While I initially felt that the game had lost what made it so special and unique before, I was slowly won over as I progressed, and realised that many of the elements I loved were still there, they’re just implemented slightly differently. It’s fast, it’s fun and at times can be pretty ruthless, but a lot less so that some of its competitors, placing it -I’d say- somewhere in the middle of Halo’s “floatier” more casual feel and Call of Duty’s fast paced but tactical approach. As before, there is a balance between playing as a pilot and using your Titan to its fullest that must be achieved, and while A.I enemies do still feature, the concept of “minion harvesting” from the first game has been slightly moved out as the main focus of the experience.

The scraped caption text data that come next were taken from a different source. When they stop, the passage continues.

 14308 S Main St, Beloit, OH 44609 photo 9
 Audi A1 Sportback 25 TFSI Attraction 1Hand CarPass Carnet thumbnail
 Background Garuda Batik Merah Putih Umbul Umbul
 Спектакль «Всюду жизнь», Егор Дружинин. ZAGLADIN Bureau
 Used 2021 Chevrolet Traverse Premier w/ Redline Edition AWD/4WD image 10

When it comes to the single player campaign, I couldn’t have been more impressed with its balance of kick-ass action and really smart gameplay design. While the story revolves around a neat bond between a pilot and his Titan, the plot itself is nothing to really write home about and yet does a great job of selling you on said bond. The campaign as a whole though, is a masterfully crafted experience that I will forever recommend to any fans of the shooter genre looking for something new and unique. Despite only being maybe 5-7 hours long, I was enamoured by perfect pacing, exciting set pieces, a great score, beautiful environments and an effective, fresh approach to a variety of platforming sections / gameplay mechanics that felt inspired more by games like Portal than your typical corridor shooters. The campaign felt fun and engaging from start to finish and left me legitimately giddy at times.
One last kicker worth mentioning is that Titanfall 2’s Season Pass is completely free, with the developers boasting full featured downloadable content for the future at absolutely no additional cost, and in this day and age, that’s pretty valuable.
Verdict: Titanfall 2 is in every way the complete “holidays” blockbuster package. It features gorgeous cutting-edge visuals, a fresh campaign that raises the bar and fast, frantic multiplayer that’s deep enough to keep you coming back for quite some time. As much as I’ve tried, I’ve found very little reason to dislike it, so make sure you don’t pass it up if you get the chance.